Source: Flickr via Strong Towns

What causes traffic problems? Updating your mental model

The factors leading to traffic are more complex than most people think—a still-simple but more accurate formula shows shows why compact neighborhoods are the solution, not the problem.

Note: This article first appeared on Strong Towns.​

My neighborhood association recently issued a statement of support for a 372-unit apartment complex proposed to be built on disused land at the edge of the neighborhood. Far from everybody agreed with this step. There was a lot of dissent internally, and virtually every single neighbor who wanted us to formally oppose the proposal had one word in common: “traffic.”

My city has—at times, in places—a traffic problem. Many of my neighbors’ preferred solution to this, based on talking with them and reading Nextdoor and local Facebook groups, is to forcefully oppose new development plans which they believe will overcrowd our roads. Some also suggest we need to widen key roads or intersections.

My solution to this problem, in broad strokes, is to welcome a lot more people to live in close-to-downtown neighborhoods like mine, let others build homes for them, and with that, usher in new neighborhood-serving businesses and services that are close to where we live. Reduce the amount we all need to drive.
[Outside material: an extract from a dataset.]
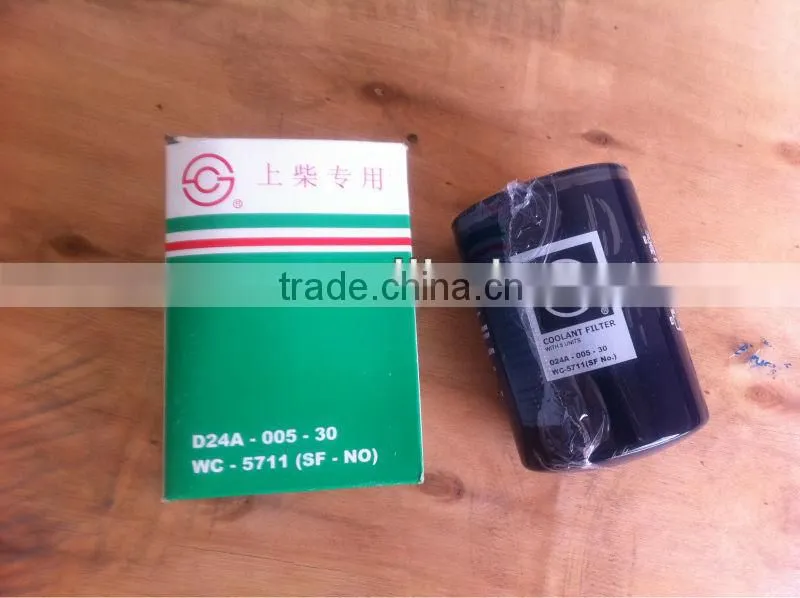XGMA wheel loader spare parts oil and water seperator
Many of my neighbors, to put it bluntly, think I’m crazy.

When something you find obvious seems crazy to someone else, or vice versa, it’s usually because you have very different underlying mental models of the situation.

Mental models, heuristics, rules of thumb. We all use them. These aren’t fully fleshed-out theories of how things work. They’re shortcuts: deliberately simplistic explanations of the causes and effects of some complex phenomenon. They are useful when we don’t have the ability, time, or inclination to grapple with how it works in a more precise way.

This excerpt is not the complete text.